The rest of the local server code is almost identical to that in A Chat Server, so we don’t reproduce it here. The only important differences are that we need to inform other servers whenever a client connects or disconnects by calling sendRemoteAll with a MsgNewClient or MsgClientDisconnected respectively.

The interesting part is how we handle distribution. Previously, the main function was responsible for setting up the network socket and accepting new connections. This is now delegated to a function socketListener, which is otherwise identical to the previous main:

socketListener :: Server -> Int -> IO ()
socketListener server port = withSocketsDo $ do
  sock <- listenOn (PortNumber (fromIntegral port))
  printf "Listening on port %d\n" port
  forever $ do
      (handle, host, port) <- accept sock
      printf "Accepted connection from %s: %s\n" host (show port)
      forkFinally (talk server handle)
                  (\_ -> hClose handle)

We need a function to implement the proxy, described above in Sending Messages. All it does is repeatedly read Process () values from the proxychan and execute them:

proxy :: Server -> Process ()
proxy Server{..} = forever $ join $ liftIO $ atomically $ readTChan proxychan

Now, the chatServer function is the main Process () action that implements a chat server:

chatServer :: Int -> Process ()
chatServer port = do
  server <- newServer []
  liftIO $ forkIO (socketListener server port)           -- 
  spawnLocal (proxy server)                              -- 
  forever $ do m <- expect; handleRemoteMessage server m --

: Starts up the socketListener thread.
: Creates the proxy. Note here that we use spawnLocal, which is like spawn except that the new process is always created on the current node. This means that the computation to be spawned doesn’t need to be serialized, so spawnLocal takes an ordinary Process value rather than a Closure, which makes it easier to use.
: Repeatedly grabs the next message and calls handleRemoteMessage (defined next) to act on it.

handleRemoteMessage :: Server -> PMessage -> Process ()
handleRemoteMessage server@Server{..} m = liftIO $ atomically $
  case m of
    MsgServers pids  -> writeTVar servers (filter (/= spid) pids) -- 
    MsgSend name msg -> void $ sendToName server name msg         -- 
    MsgBroadcast msg -> broadcastLocal server msg                 -- 
    MsgKick who by   -> kick server who by                        -- 

    MsgNewClient name pid -> do                                   -- 
        ok <- checkAddClient server (ClientRemote (RemoteClient name pid))
        when (not ok) $
          sendRemote server pid (MsgKick name "SYSTEM")

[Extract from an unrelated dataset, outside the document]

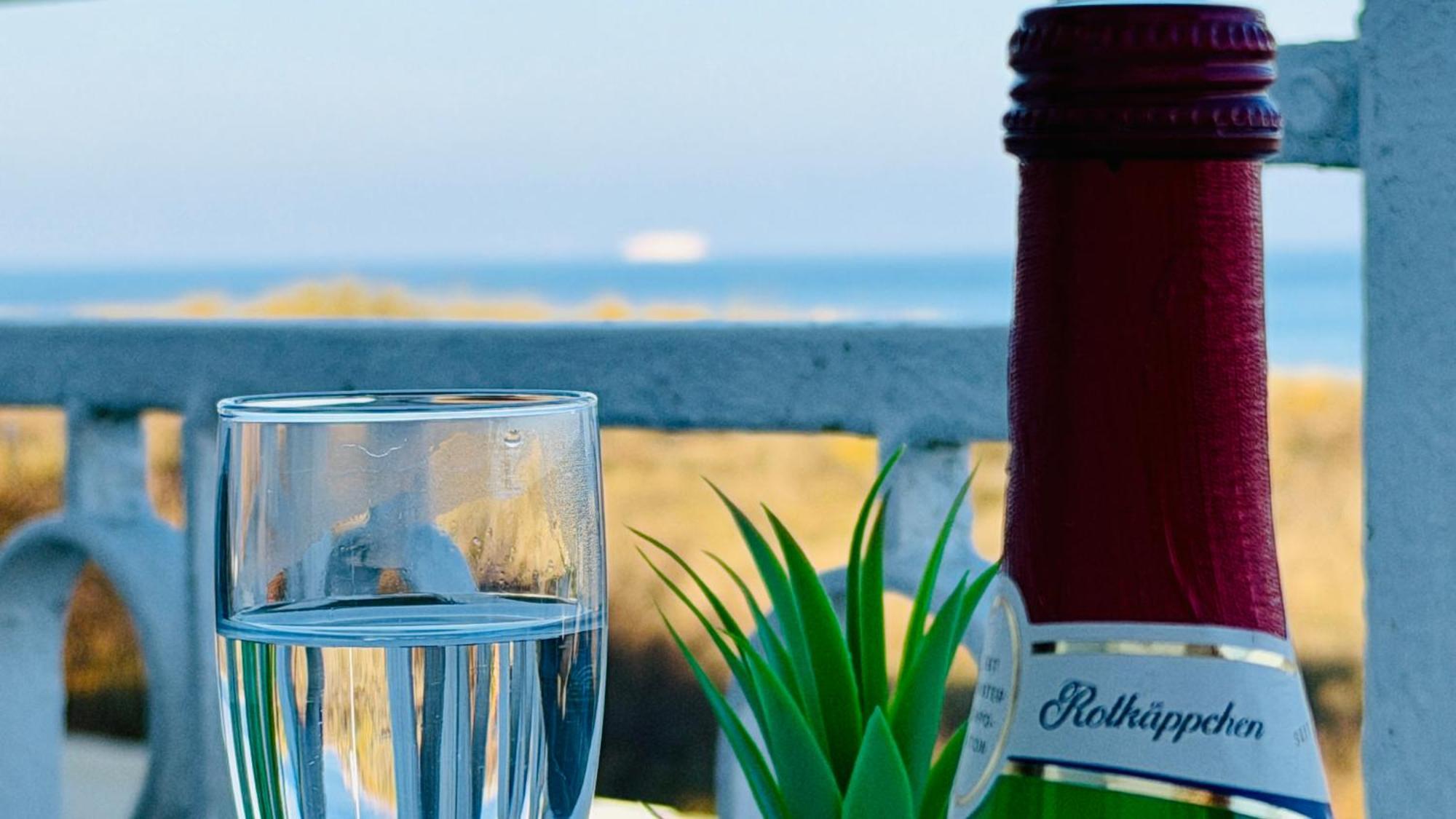 Sanddorn, Kur- Und Ferienhotel, Direkte Strandlage, Meerblick, Fahrstuhl, Parkplatz Hotel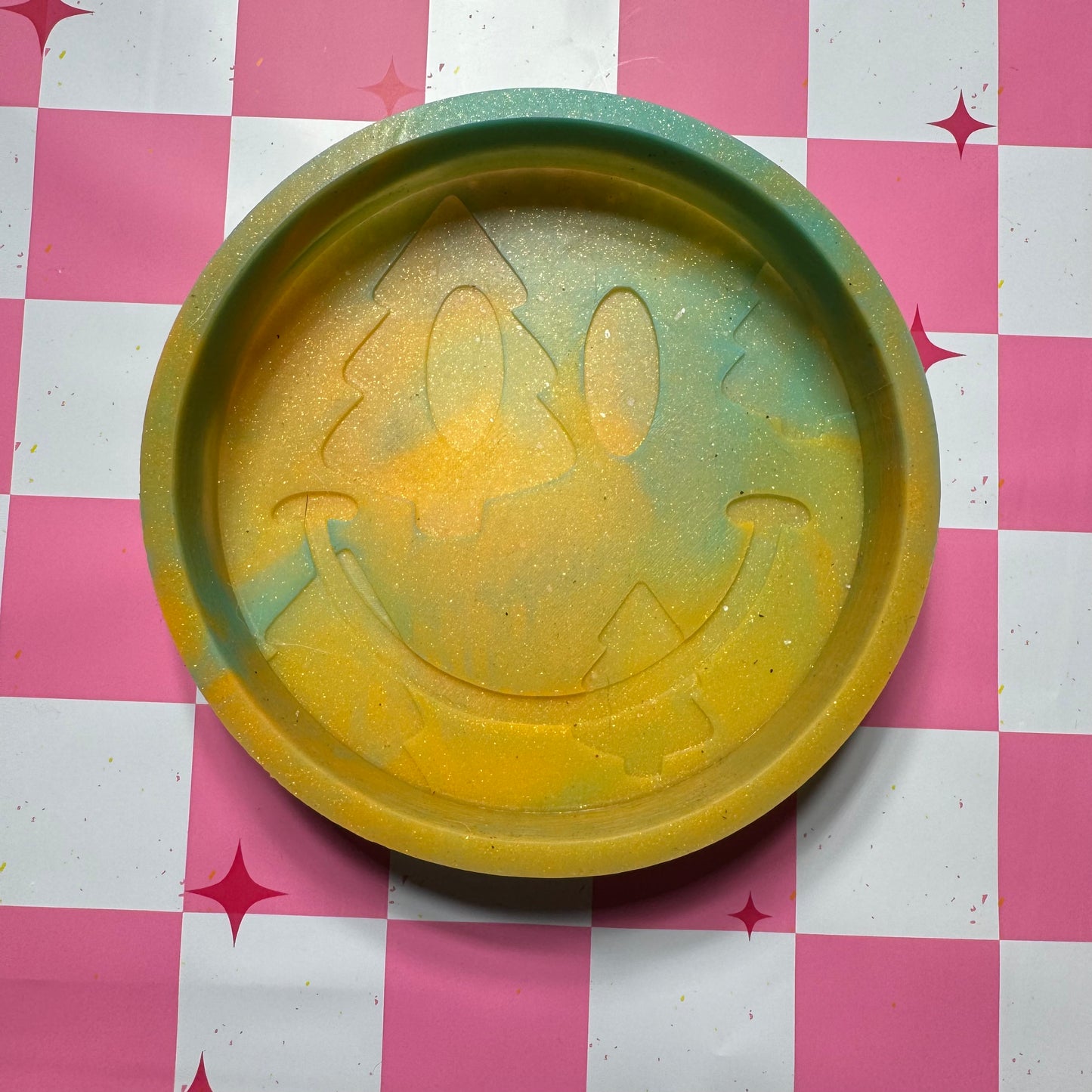 Christmas Tree Smiley Face Destash Silicone Freshie Mold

    MsgClientDisconnected name pid -> do                          -- 
         clientmap <- readTVar clients
         case Map.lookup name clientmap of
            Nothing -> return ()
            Just (ClientRemote (RemoteClient _ pid')) | pid == pid' ->
              deleteClient server name
            Just _ ->
              return ()

: The special MsgServers message is sent once at startup to tell each server the ProcessIds of all the servers in the network. This is used to set the servers field of Server.
: MsgSend, MsgBroadcast, and MsgKick are straightforward. They cause the appropriate action to take place just as if a local client had initiated it.
: MsgNewClient indicates that a client has connected to a remote server. We attempt to add the remote client to the local state, but it may be that this server already has a client with the same name. Unlike in the single server case where we relied on STM to ensure that inconsistencies like this could never arise, in a distributed system there is no global consistency. So we have to handle the case where two clients connect at the same time on different servers. The method we choose here is simple but brutal: reply with a MsgKick to kick the other client. It is likely that the remote server will simultaneously do the same, so both clients will end up being kicked, but at least the inconsistency is resolved, and this case will be rare in practice.
: MsgClientDisconnected is not difficult, but we do have to be careful to check that the client being disconnected is in fact the correct client, just in case an inconsistency has arisen (in particular, this might be the response to the MsgKick initiated by the MsgNewClient case just shown).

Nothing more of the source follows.